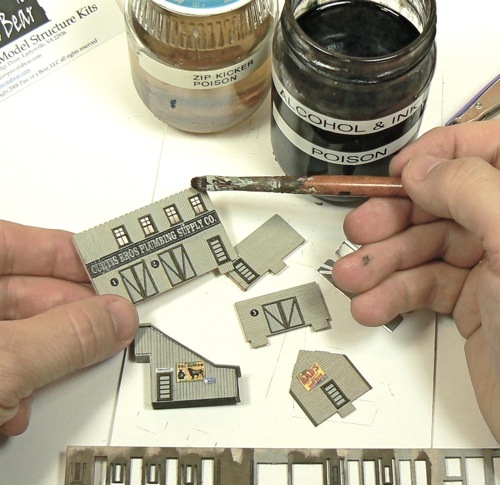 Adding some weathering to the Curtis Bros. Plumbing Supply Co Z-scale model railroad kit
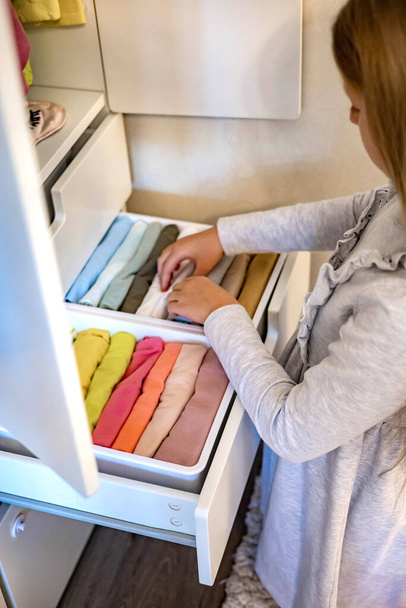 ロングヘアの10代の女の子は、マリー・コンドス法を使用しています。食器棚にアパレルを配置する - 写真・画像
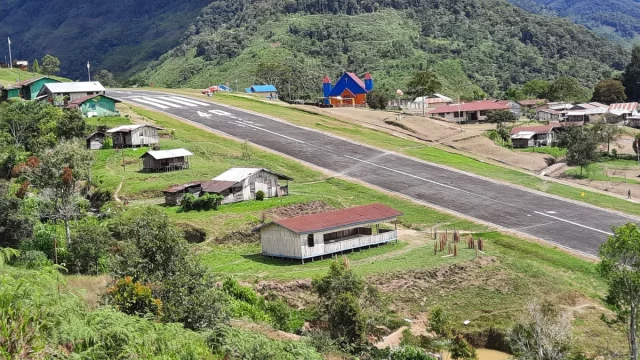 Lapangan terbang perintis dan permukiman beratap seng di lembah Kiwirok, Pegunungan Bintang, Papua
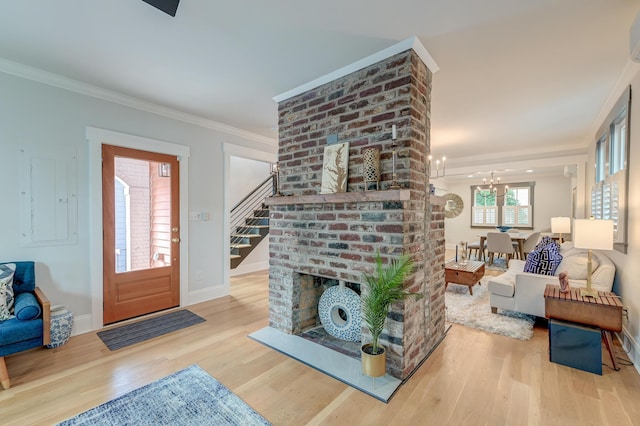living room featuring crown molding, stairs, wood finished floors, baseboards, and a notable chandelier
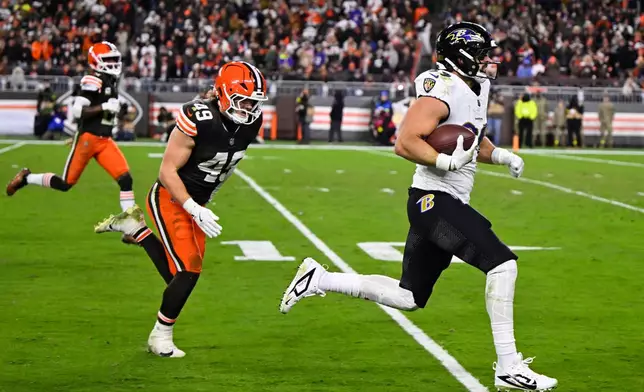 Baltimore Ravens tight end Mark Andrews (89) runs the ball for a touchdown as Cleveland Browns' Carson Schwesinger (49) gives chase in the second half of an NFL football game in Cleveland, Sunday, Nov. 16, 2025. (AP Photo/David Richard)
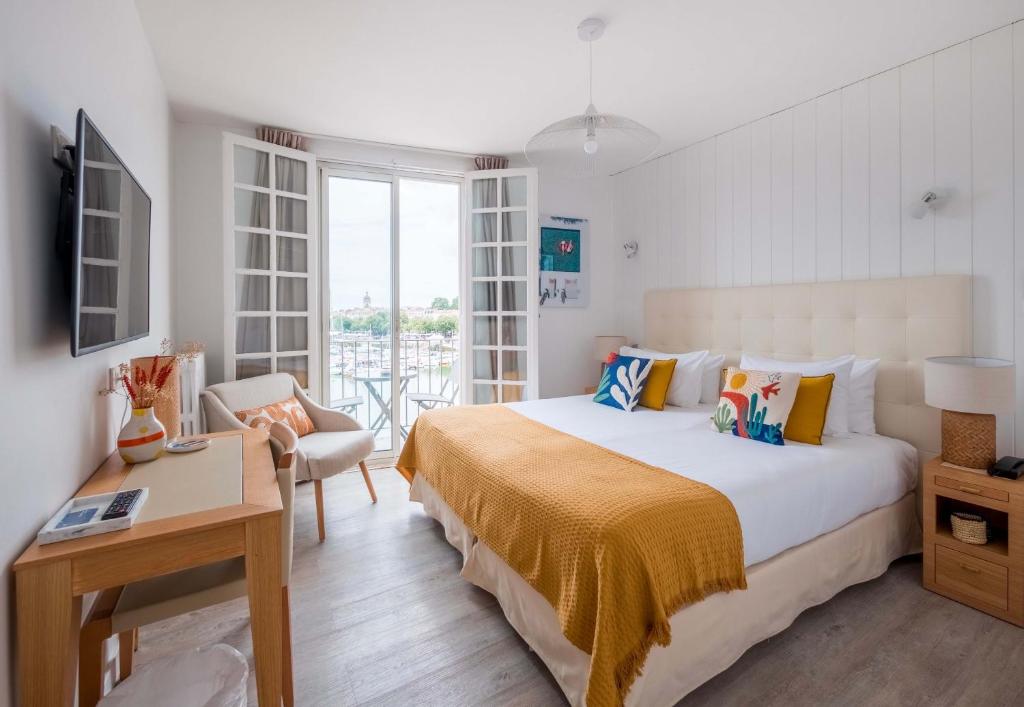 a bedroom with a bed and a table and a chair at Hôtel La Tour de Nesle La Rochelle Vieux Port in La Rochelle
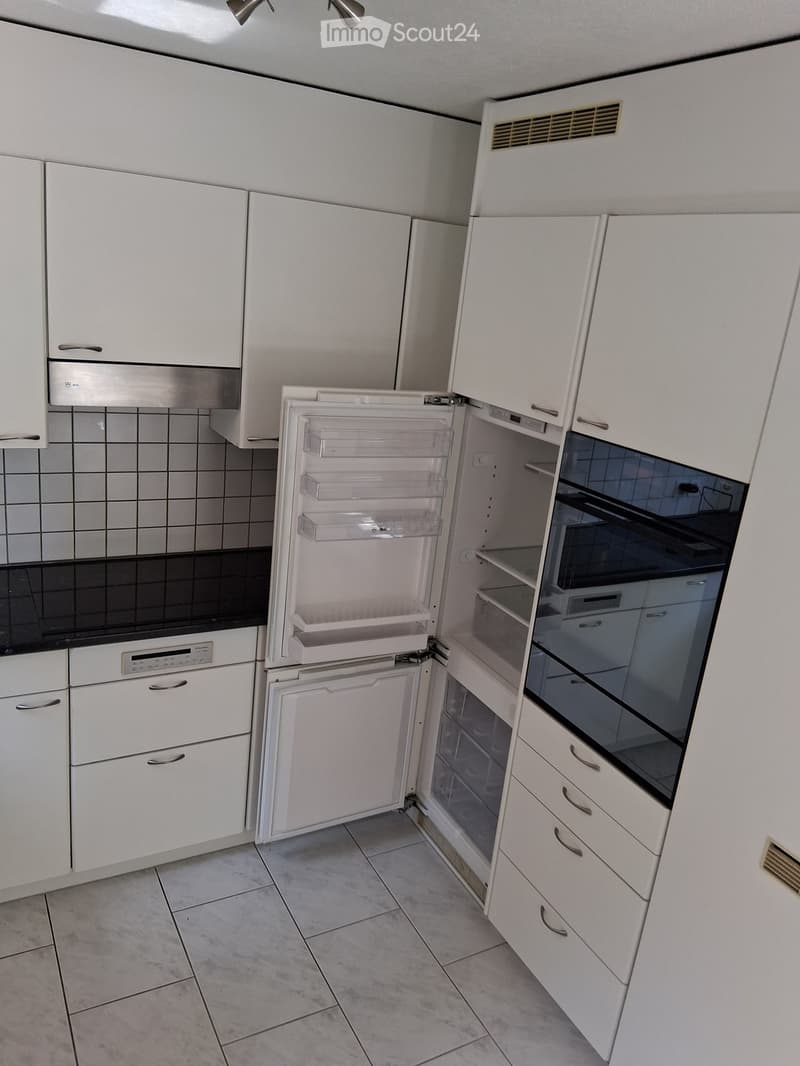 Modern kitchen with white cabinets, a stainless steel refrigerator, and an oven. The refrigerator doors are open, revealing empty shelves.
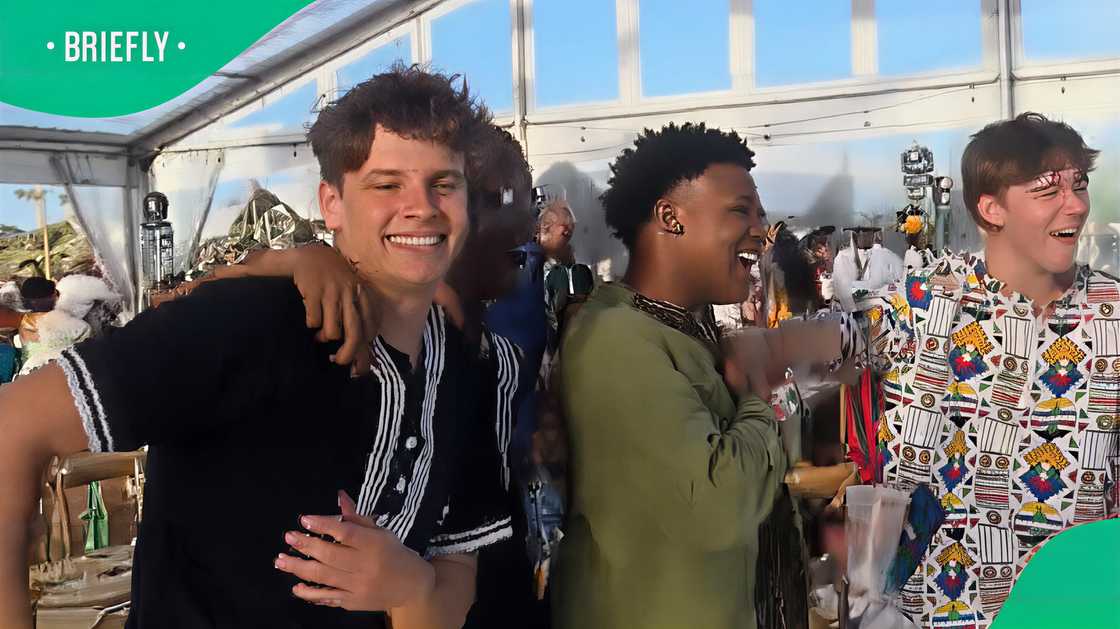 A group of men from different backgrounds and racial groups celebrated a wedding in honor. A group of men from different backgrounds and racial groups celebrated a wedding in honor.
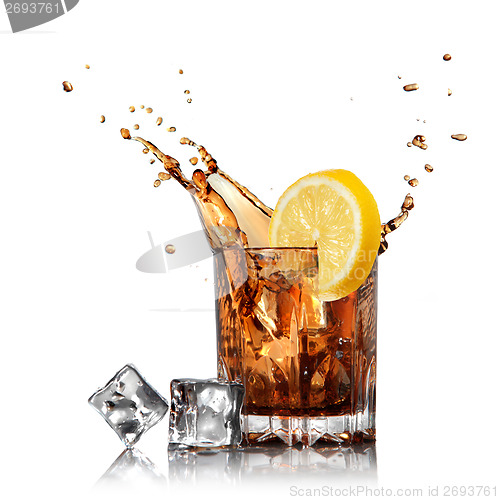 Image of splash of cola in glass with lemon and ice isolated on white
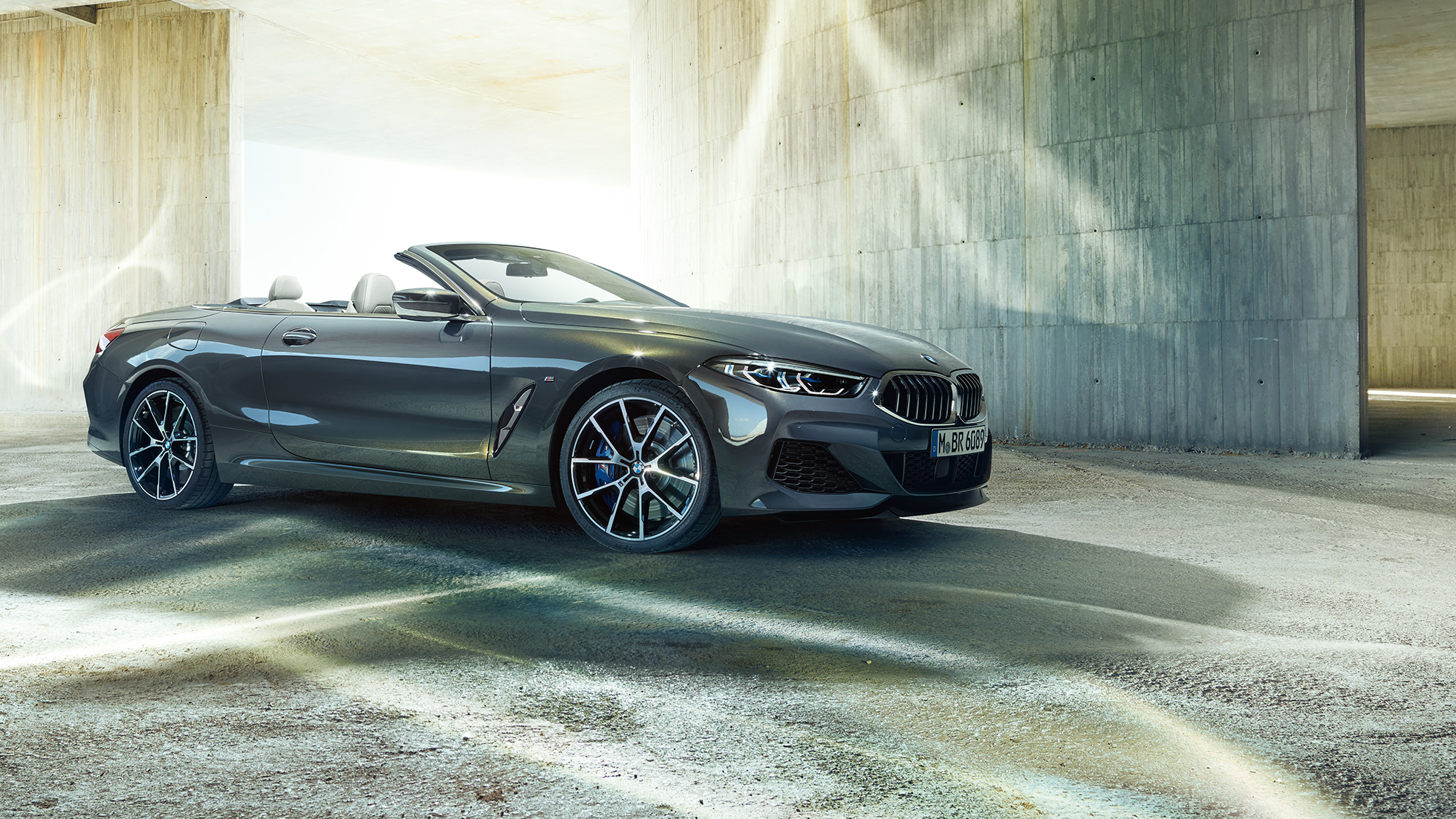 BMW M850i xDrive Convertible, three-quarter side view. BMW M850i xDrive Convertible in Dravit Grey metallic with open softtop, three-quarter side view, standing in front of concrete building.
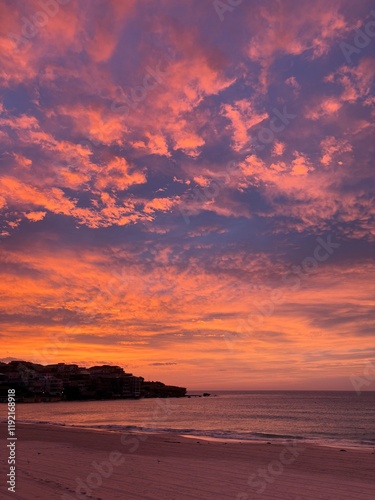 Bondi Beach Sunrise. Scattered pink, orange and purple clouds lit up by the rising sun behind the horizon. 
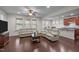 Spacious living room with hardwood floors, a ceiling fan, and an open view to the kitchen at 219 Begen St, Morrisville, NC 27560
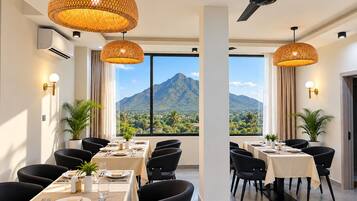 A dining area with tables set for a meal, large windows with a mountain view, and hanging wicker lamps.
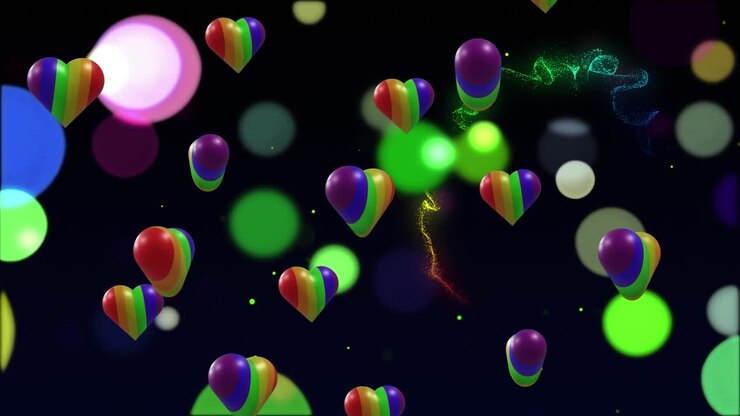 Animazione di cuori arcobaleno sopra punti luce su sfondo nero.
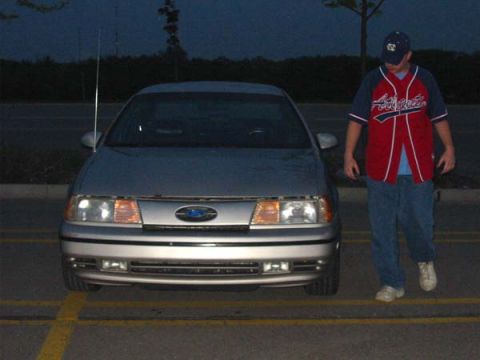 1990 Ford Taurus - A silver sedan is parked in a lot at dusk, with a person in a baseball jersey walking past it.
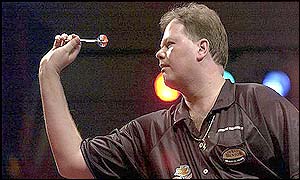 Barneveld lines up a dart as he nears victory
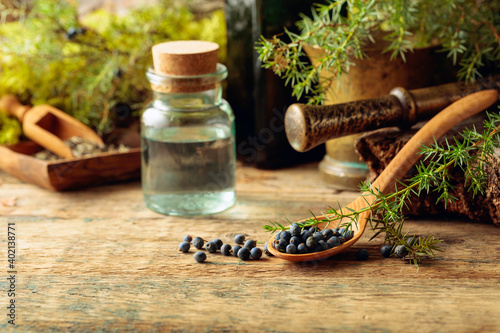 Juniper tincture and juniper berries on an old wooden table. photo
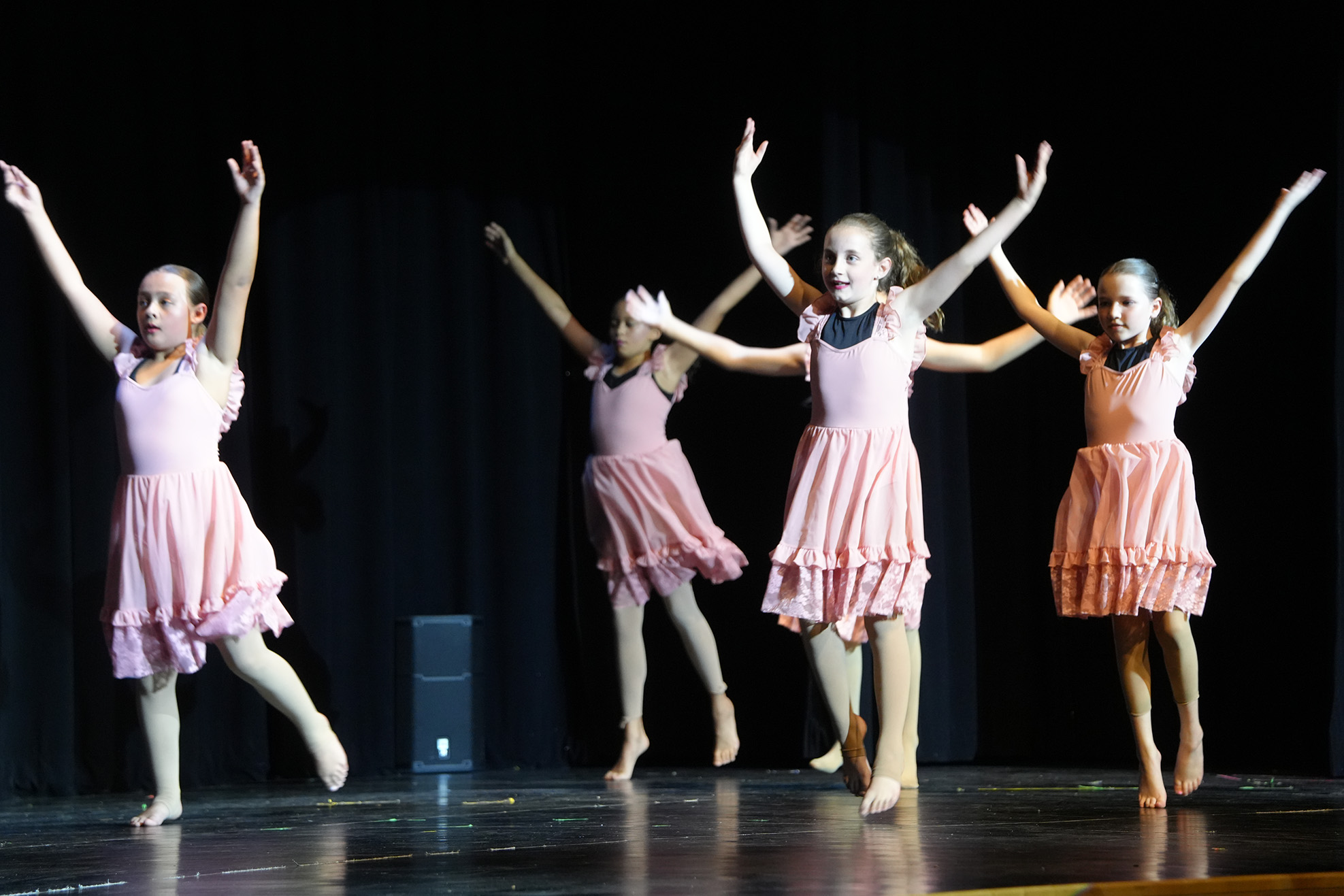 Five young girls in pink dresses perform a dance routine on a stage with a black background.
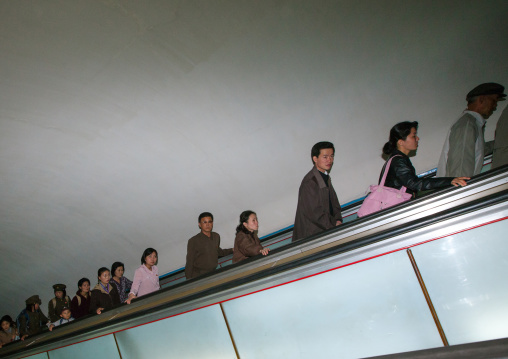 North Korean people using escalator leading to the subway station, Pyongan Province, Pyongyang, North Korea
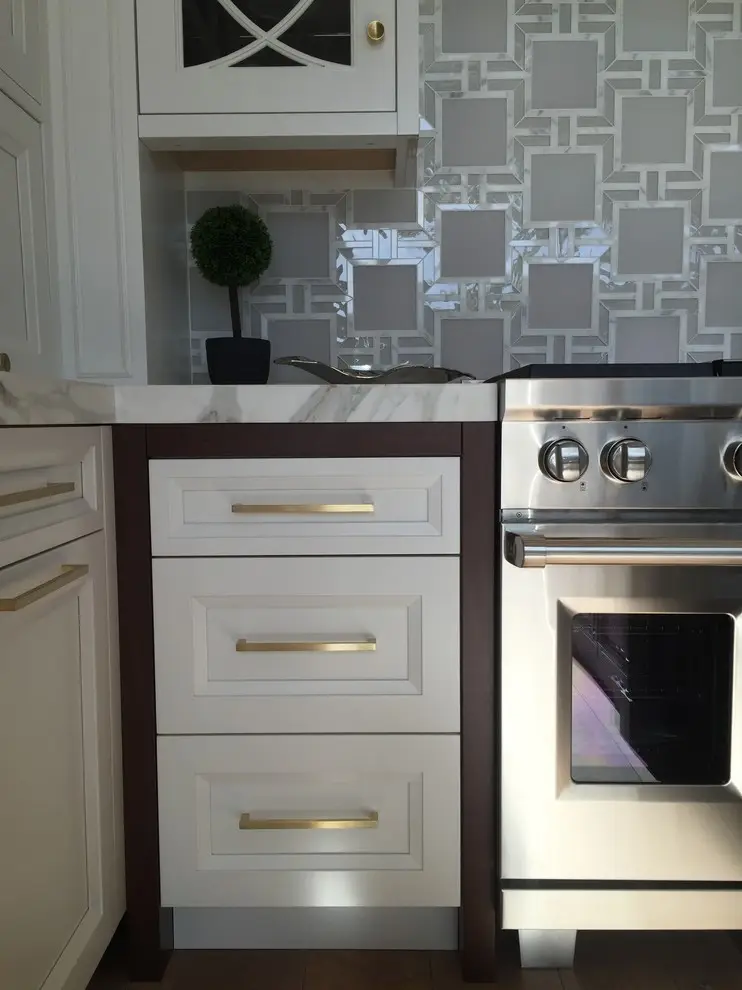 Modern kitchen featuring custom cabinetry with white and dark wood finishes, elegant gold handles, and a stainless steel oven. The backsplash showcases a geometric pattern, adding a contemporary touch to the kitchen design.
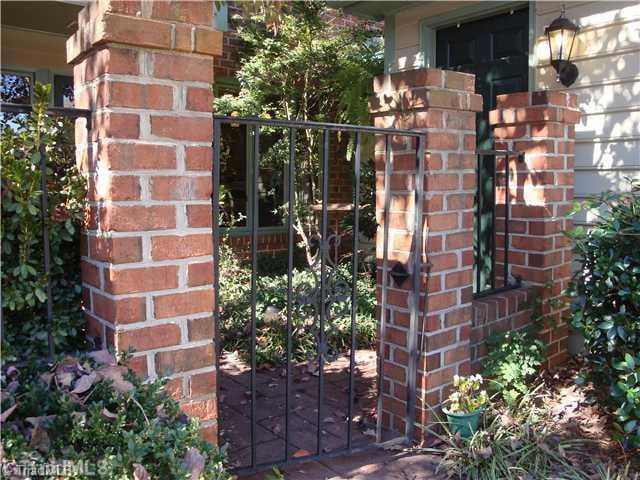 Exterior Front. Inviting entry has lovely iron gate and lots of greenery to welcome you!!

Task requirements:
Given the records above, return the lines starting at the one that holds "Animazione di cuori" and ending at the one that holds "Modern kitchen featuring", exactly, and nothing besides; leave every picture out.

Exercise response:
 Animazione di cuori arcobaleno sopra punti luce su sfondo nero.
 1990 Ford Taurus - A silver sedan is parked in a lot at dusk, with a person in a baseball jersey walking past it.
 Barneveld lines up a dart as he nears victory
 Juniper tincture and juniper berries on an old wooden table. photo
 Five young girls in pink dresses perform a dance routine on a stage with a black background.
 North Korean people using escalator leading to the subway station, Pyongan Province, Pyongyang, North Korea
 Modern kitchen featuring custom cabinetry with white and dark wood finishes, elegant gold handles, and a stainless steel oven. The backsplash showcases a geometric pattern, adding a contemporary touch to the kitchen design.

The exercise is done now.